[REQUIRED WORK]
All of the entries should be written out again exactly.

START TASK DATA

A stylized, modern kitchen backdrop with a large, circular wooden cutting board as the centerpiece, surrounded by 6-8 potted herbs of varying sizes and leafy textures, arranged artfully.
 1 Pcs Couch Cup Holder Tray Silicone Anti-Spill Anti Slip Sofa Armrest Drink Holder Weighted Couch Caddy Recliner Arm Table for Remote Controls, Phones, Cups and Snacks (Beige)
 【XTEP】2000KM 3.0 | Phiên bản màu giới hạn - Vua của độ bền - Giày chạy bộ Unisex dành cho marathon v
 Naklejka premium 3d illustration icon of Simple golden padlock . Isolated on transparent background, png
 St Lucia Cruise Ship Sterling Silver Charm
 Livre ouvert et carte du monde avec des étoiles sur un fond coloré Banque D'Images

END TASK DATA

[ANSWER]
A stylized, modern kitchen backdrop with a large, circular wooden cutting board as the centerpiece, surrounded by 6-8 potted herbs of varying sizes and leafy textures, arranged artfully.
 1 Pcs Couch Cup Holder Tray Silicone Anti-Spill Anti Slip Sofa Armrest Drink Holder Weighted Couch Caddy Recliner Arm Table for Remote Controls, Phones, Cups and Snacks (Beige)
 【XTEP】2000KM 3.0 | Phiên bản màu giới hạn - Vua của độ bền - Giày chạy bộ Unisex dành cho marathon v
 Naklejka premium 3d illustration icon of Simple golden padlock . Isolated on transparent background, png
 St Lucia Cruise Ship Sterling Silver Charm
 Livre ouvert et carte du monde avec des étoiles sur un fond coloré Banque D'Images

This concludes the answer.